Abs. 1 AVIG i.V.m. Art. 61 lit. a Bundesgesetz über den Allgemeinen Teil des
Sozialversicherungsrechts / ATSG, SR 830.1).
Dispositiv
Demnach wird erkannt:
1. Die Beschwerde wird abgewiesen.
2. Es werden keine Parteientschädigungen
zugesprochen und keine Verfahrenskosten erhoben.
Rechtsmittel
Gegen diesen Entscheid kann innert 30
Tagen seit der Mitteilung beim Bundesgericht Beschwerde in
öffentlich-rechtlichen Angelegenheiten eingereicht werden (Adresse:
Bundesgericht, Schweizerhofquai 6, 6004 Luzern). Die Frist beginnt am Tag nach
dem Empfang des Urteils zu laufen und wird durch rechtzeitige Aufgabe bei der
Post gewahrt.
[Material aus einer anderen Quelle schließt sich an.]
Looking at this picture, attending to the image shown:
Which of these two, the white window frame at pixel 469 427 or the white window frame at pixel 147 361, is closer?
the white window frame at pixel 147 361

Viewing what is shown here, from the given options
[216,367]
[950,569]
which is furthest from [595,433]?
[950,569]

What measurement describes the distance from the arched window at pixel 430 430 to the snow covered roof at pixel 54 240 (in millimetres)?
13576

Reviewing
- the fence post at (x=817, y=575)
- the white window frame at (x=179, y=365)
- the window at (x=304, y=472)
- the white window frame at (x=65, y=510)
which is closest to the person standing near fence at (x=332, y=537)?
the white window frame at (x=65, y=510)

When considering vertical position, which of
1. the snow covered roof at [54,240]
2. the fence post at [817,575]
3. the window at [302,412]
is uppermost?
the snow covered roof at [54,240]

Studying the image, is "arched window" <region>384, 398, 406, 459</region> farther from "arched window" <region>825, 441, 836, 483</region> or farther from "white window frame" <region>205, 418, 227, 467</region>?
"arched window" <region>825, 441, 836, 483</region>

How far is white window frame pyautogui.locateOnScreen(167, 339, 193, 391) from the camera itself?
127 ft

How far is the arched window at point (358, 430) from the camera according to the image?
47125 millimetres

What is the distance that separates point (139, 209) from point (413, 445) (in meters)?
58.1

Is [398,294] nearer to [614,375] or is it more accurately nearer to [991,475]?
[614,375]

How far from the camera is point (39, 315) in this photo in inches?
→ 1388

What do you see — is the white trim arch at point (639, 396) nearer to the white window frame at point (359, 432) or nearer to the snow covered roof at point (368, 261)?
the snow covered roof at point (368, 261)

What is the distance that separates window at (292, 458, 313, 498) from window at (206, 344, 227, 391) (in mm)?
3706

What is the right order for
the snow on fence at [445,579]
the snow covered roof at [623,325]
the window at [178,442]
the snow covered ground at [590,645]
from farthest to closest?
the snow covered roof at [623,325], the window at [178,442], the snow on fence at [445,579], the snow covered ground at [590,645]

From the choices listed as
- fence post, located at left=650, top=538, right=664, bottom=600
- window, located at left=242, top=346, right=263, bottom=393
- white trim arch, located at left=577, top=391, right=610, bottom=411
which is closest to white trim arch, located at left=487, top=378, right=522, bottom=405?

Die Frist ist nicht erstreckbar (vgl. Art. 39 ff., 82 ff. und 90
ff. des Bundesgerichtsgesetzes, BGG). Bei
Vor- und Zwischenentscheiden (dazu gehört auch die Rückweisung zu weiteren
Abklärungen) sind die zusätzlichen Voraussetzungen nach Art. 92 oder 93 BGG zu
beachten.
Versicherungsgericht des Kantons
Solothurn
Der Präsident Der
Gerichtsschreiber
Flückiger Haldemann
Der vorliegende Entscheid wurde vom
Bundesgericht mit Urteil 8C_622/2020 vom 17. Dezember 2020 bestätigt.